--- How to complete this task ---
Give again, word for word, the line holding "Tribal Star Tattoo Sticker" and every line after it through the end of the data below. Omit pictures.

--- Material provided ---
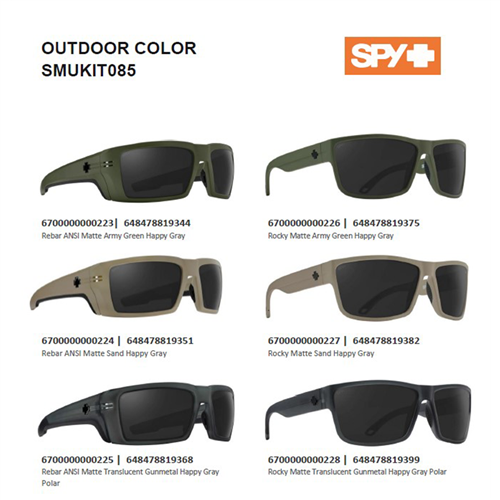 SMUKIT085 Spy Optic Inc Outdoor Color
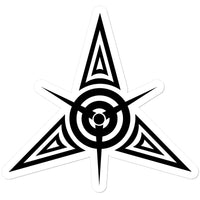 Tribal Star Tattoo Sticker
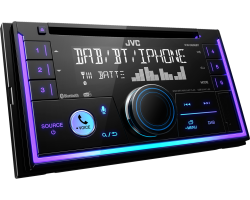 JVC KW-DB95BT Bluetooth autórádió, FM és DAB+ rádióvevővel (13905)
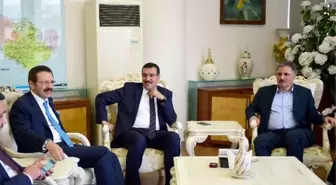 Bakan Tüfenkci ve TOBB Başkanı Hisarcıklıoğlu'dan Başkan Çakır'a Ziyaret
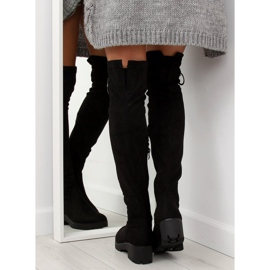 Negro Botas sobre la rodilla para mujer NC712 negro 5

--- Response ---
 Tribal Star Tattoo Sticker
 JVC KW-DB95BT Bluetooth autórádió, FM és DAB+ rádióvevővel (13905)
 Bakan Tüfenkci ve TOBB Başkanı Hisarcıklıoğlu'dan Başkan Çakır'a Ziyaret
 Negro Botas sobre la rodilla para mujer NC712 negro 5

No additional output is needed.